EXERCISE
When writing out the entries below, keep only the lines from the line with "Used 2014 INFINITI" to the line with "3T Rigid Team", both included, exactly as they are, and leave the pictures aside.

(TASK MATERIAL)

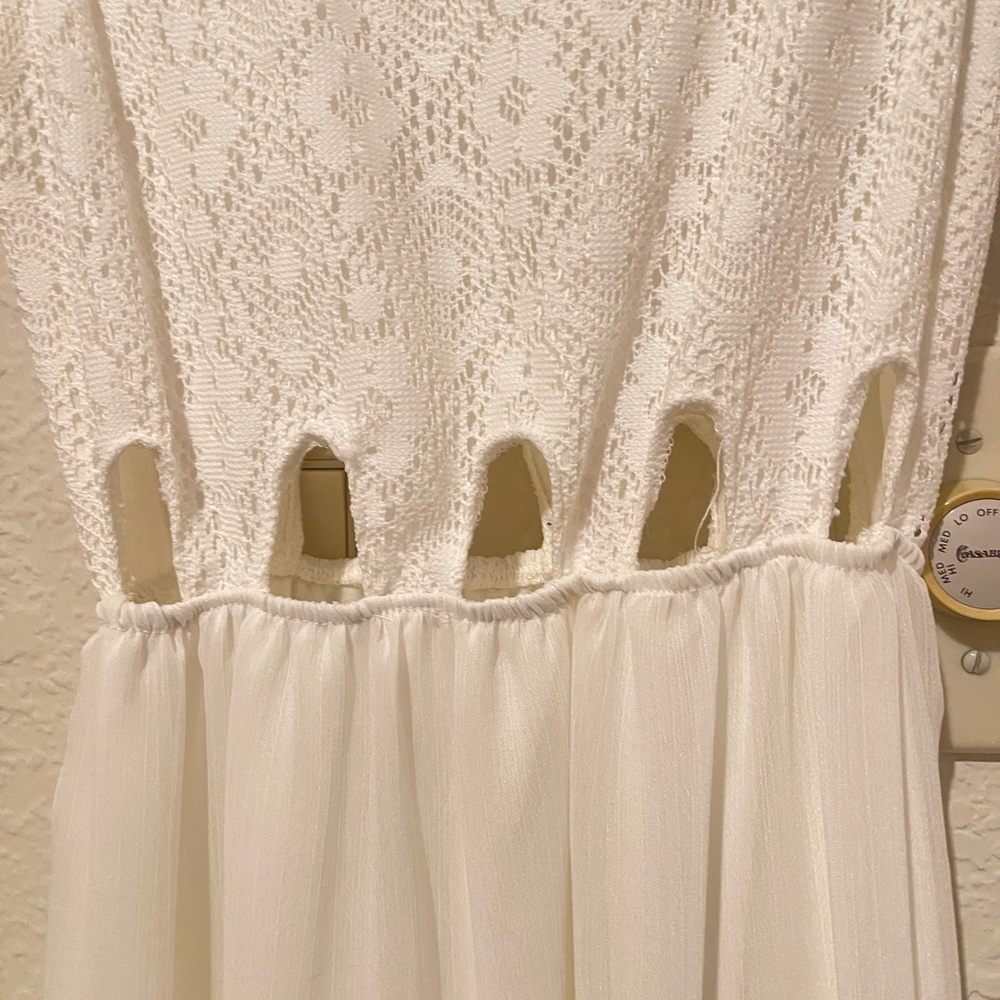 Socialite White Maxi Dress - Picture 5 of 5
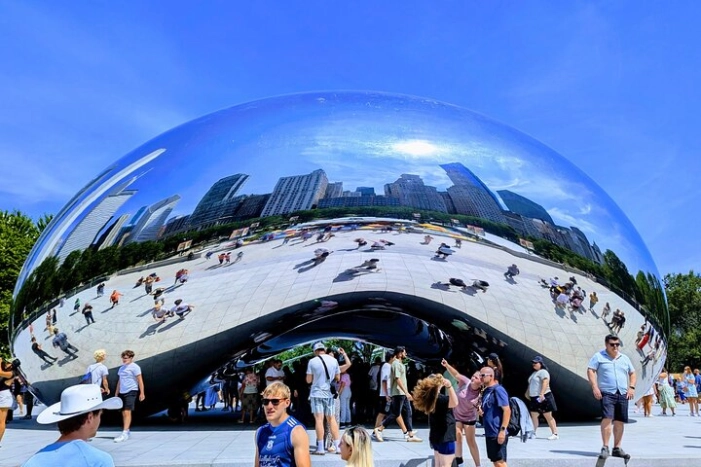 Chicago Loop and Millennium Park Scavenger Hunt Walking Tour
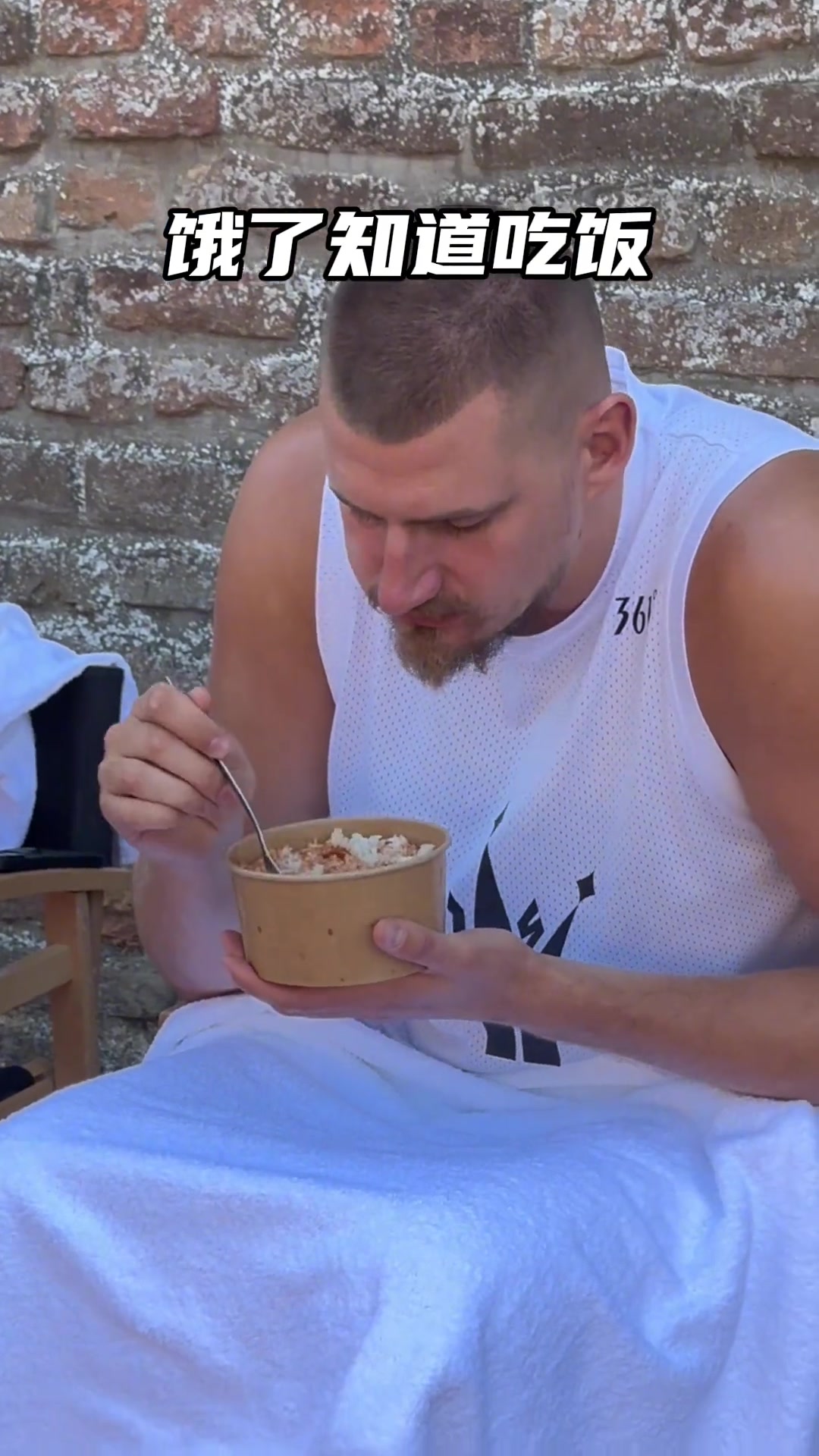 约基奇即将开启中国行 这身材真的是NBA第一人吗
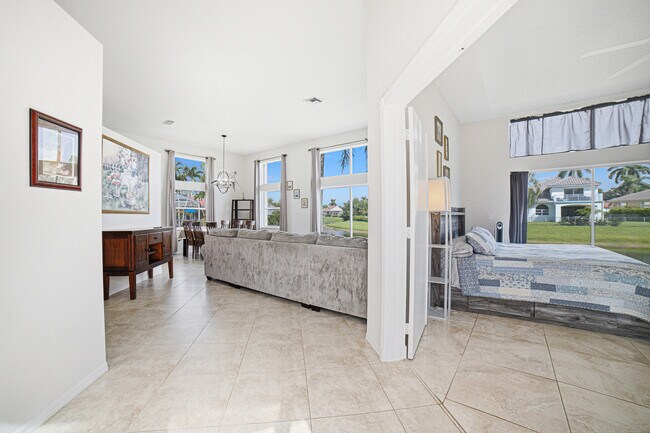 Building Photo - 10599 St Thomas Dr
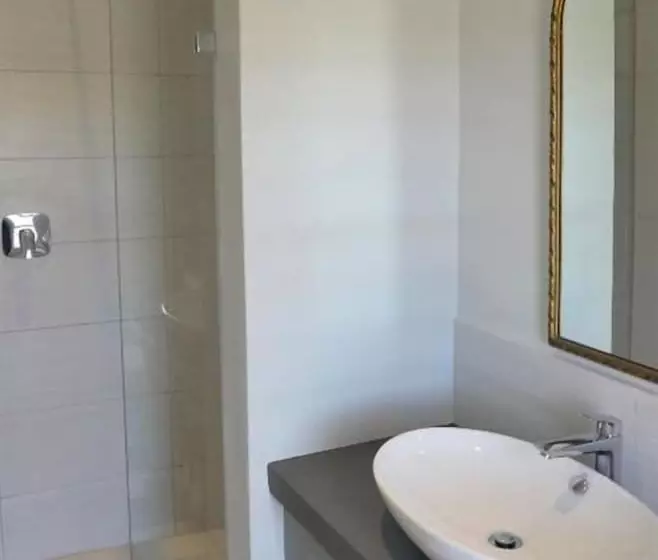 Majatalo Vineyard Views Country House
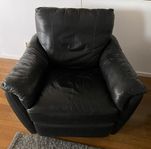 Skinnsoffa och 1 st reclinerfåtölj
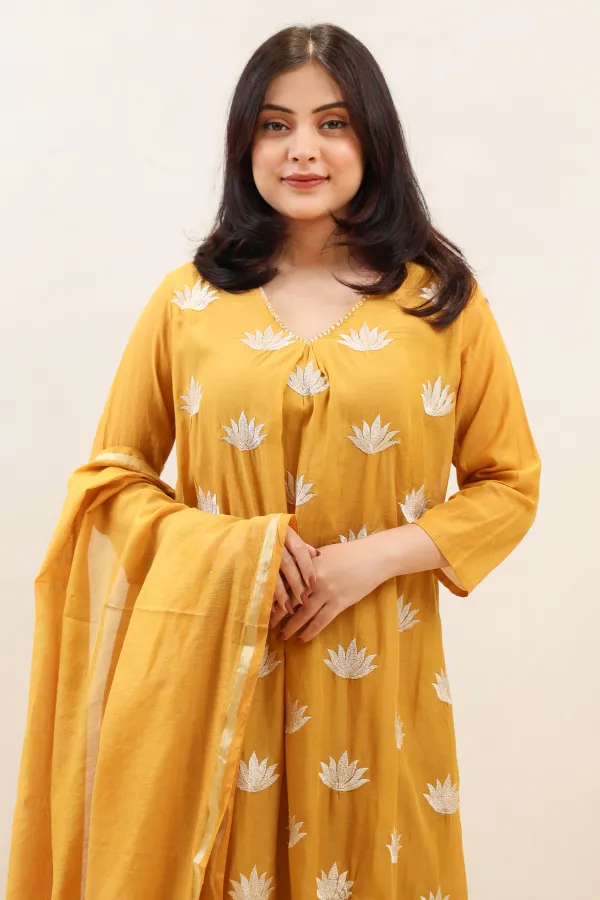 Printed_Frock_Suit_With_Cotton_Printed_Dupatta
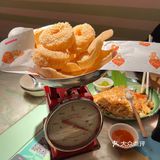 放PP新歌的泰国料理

(End TASK MATERIAL)
(TASK MATERIAL)

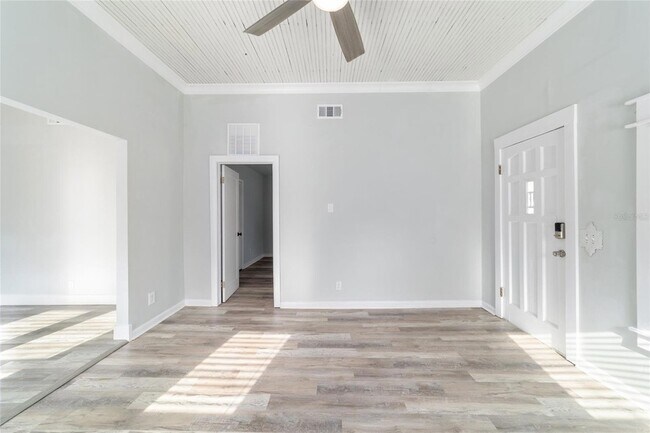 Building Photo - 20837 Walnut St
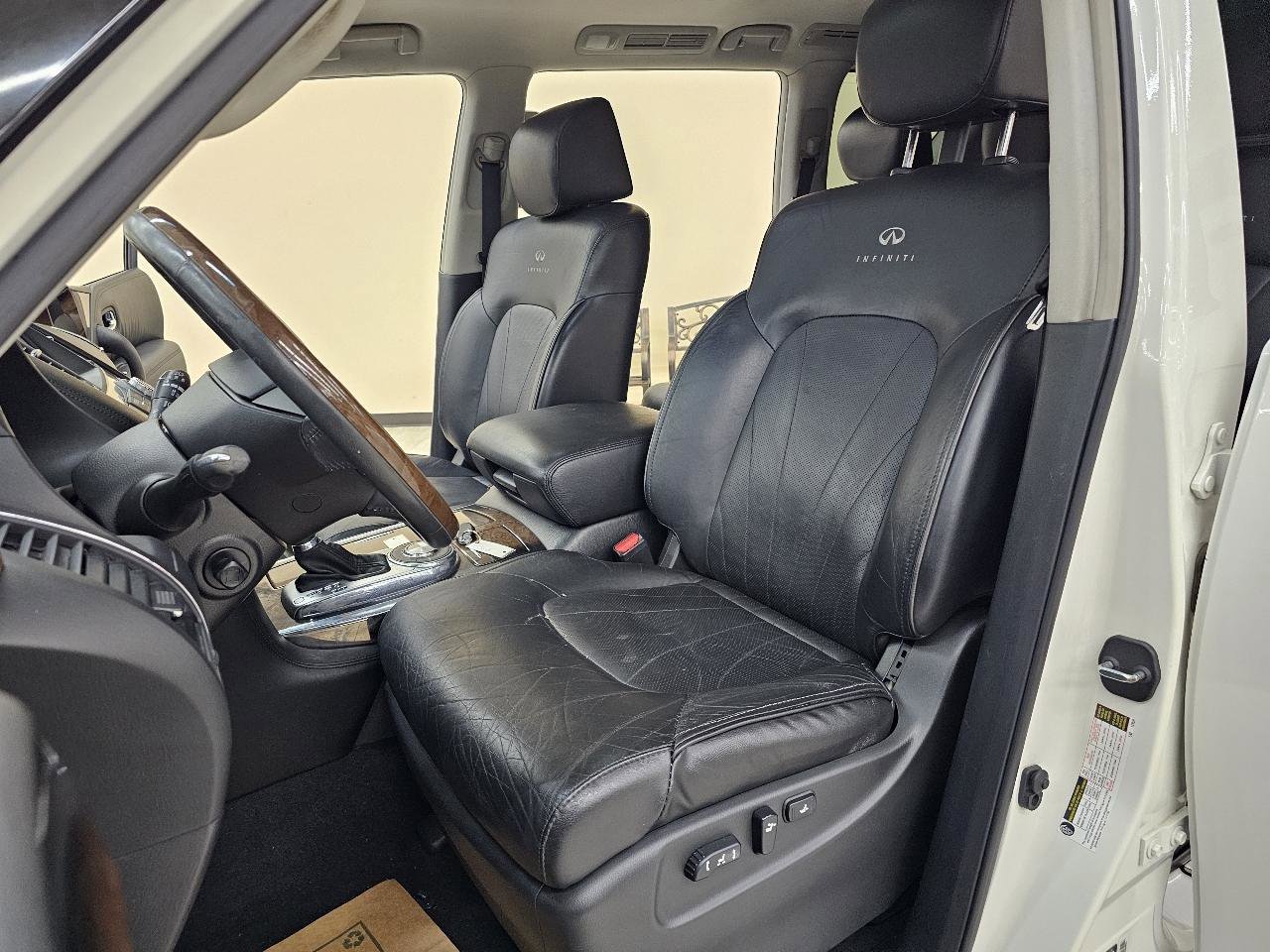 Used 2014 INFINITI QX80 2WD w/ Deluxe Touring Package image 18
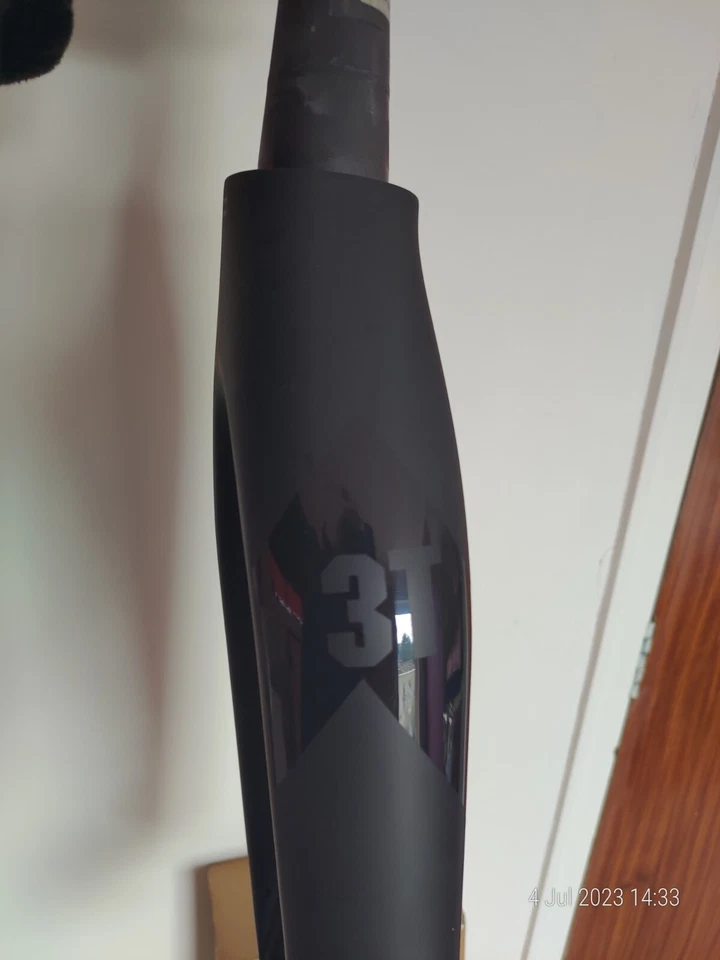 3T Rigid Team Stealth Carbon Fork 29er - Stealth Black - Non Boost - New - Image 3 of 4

(End TASK MATERIAL)
(TASK MATERIAL)

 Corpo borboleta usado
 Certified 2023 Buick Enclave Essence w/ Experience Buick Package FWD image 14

(End TASK MATERIAL)

SOLUTION TO THE EXERCISE
 Used 2014 INFINITI QX80 2WD w/ Deluxe Touring Package image 18
 3T Rigid Team Stealth Carbon Fork 29er - Stealth Black - Non Boost - New - Image 3 of 4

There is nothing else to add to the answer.